§ **Exercise data**:
--- --- ---

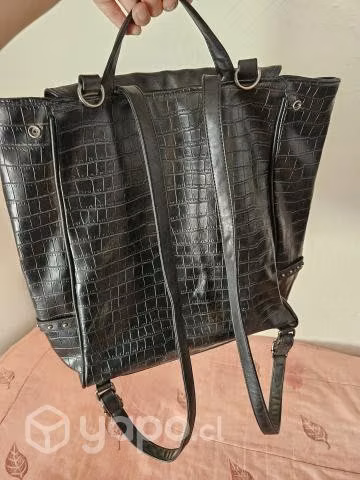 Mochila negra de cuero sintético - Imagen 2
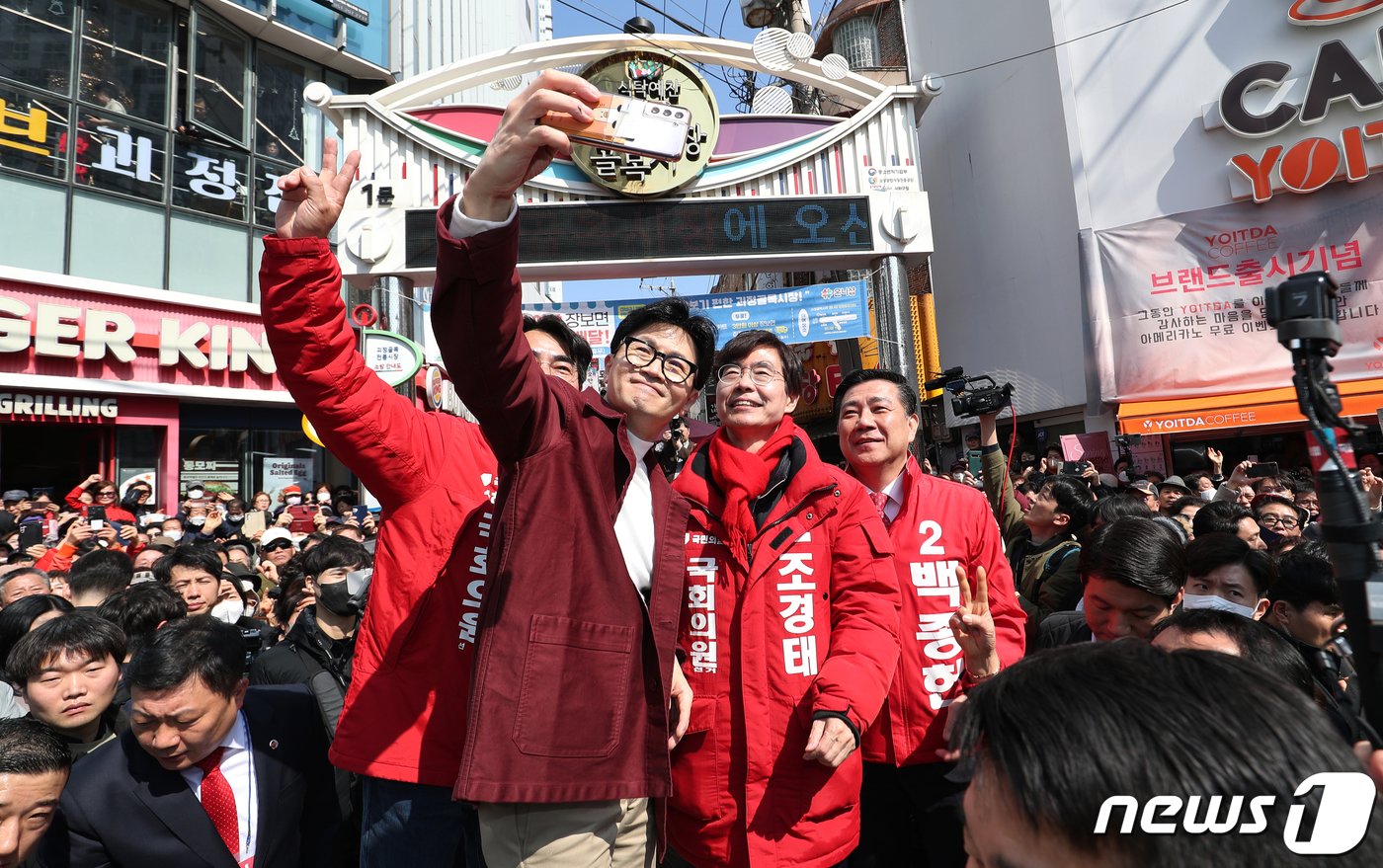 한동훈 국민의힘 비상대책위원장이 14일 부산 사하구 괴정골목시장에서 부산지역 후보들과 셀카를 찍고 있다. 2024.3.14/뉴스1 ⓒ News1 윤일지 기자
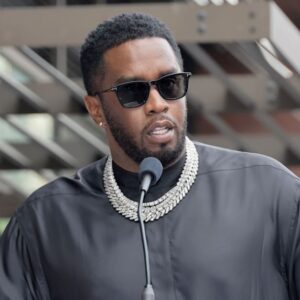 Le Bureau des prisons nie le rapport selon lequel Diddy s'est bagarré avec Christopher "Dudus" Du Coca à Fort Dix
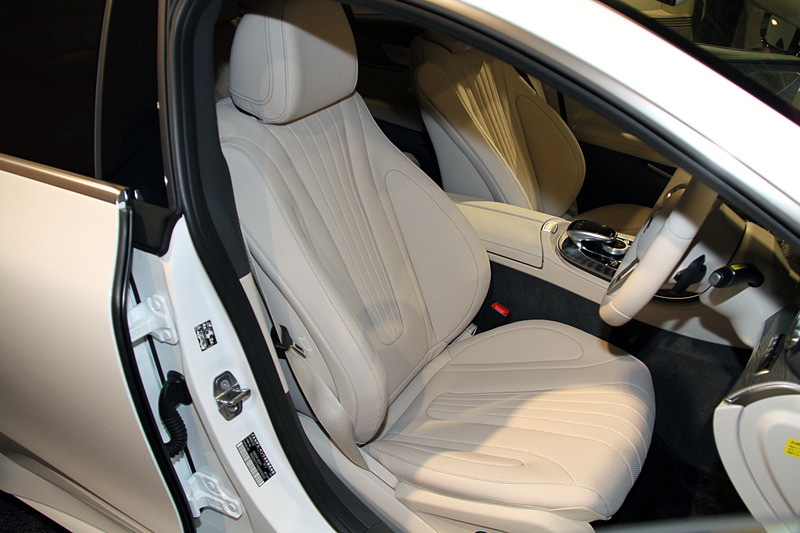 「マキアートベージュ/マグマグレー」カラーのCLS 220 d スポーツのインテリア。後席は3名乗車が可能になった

--- --- ---

§ **Work request**: Beginning with the line that holds "Le Bureau des" and ending with the last line of the material above, extract every line exactly, pictures excluded.

§ **Solution**:
 Le Bureau des prisons nie le rapport selon lequel Diddy s'est bagarré avec Christopher "Dudus" Du Coca à Fort Dix
 「マキアートベージュ/マグマグレー」カラーのCLS 220 d スポーツのインテリア。後席は3名乗車が可能になった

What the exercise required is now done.